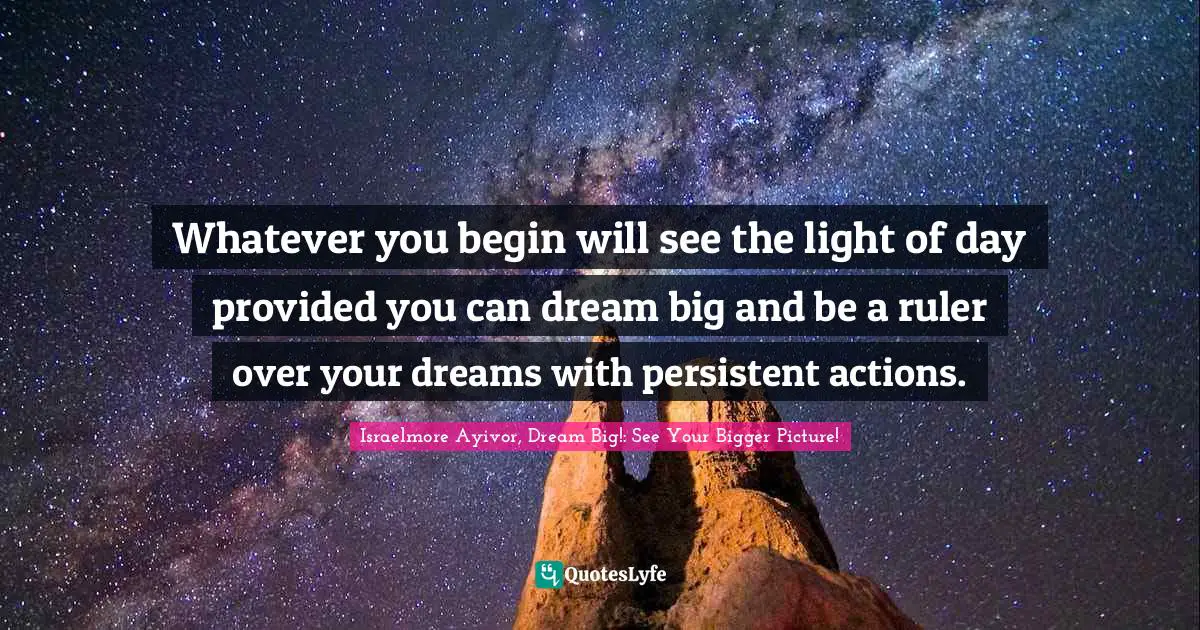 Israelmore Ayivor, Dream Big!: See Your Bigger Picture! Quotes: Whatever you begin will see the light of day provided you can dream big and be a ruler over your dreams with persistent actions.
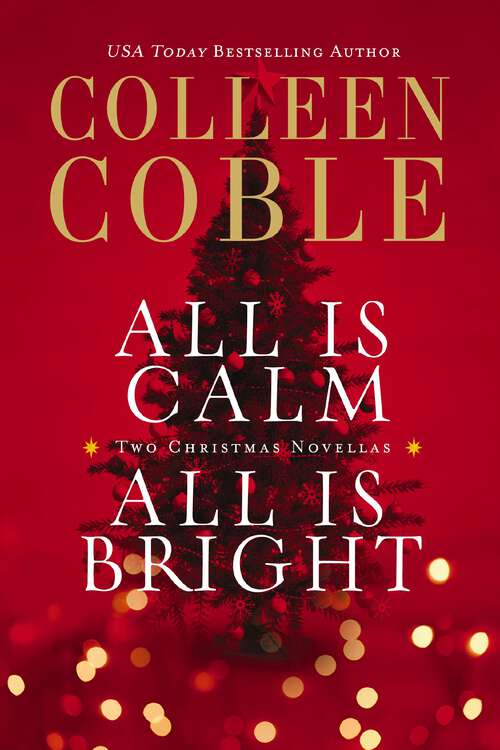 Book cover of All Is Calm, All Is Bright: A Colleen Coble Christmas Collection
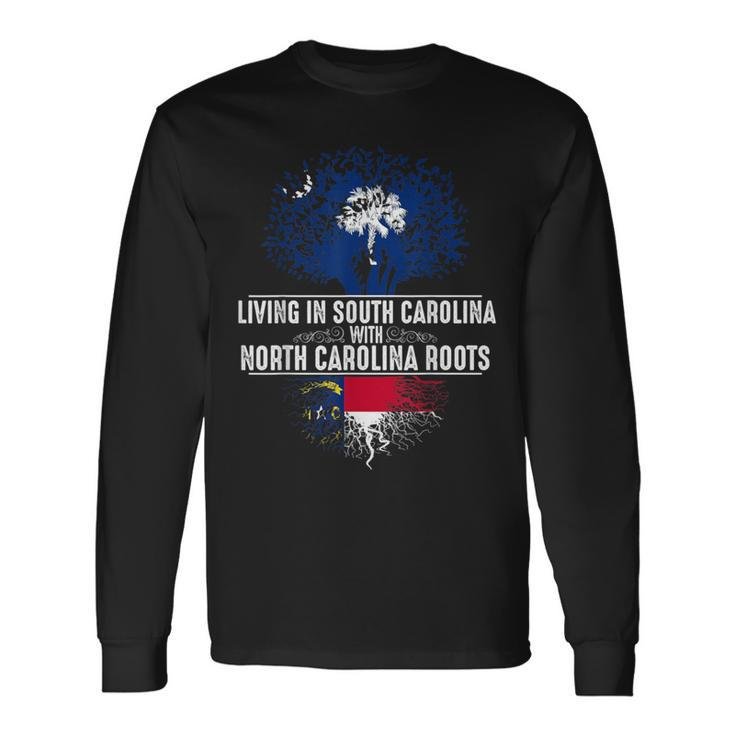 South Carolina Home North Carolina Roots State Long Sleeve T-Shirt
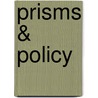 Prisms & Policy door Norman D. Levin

•••

> **THE PROBLEM**
In the copy, omit the pictures and give every line of the data exactly.

> **SOLUTION TO THIS PROBLEM**
 Israelmore Ayivor, Dream Big!: See Your Bigger Picture! Quotes: Whatever you begin will see the light of day provided you can dream big and be a ruler over your dreams with persistent actions.
 Book cover of All Is Calm, All Is Bright: A Colleen Coble Christmas Collection
 South Carolina Home North Carolina Roots State Long Sleeve T-Shirt
 Prisms & Policy door Norman D. Levin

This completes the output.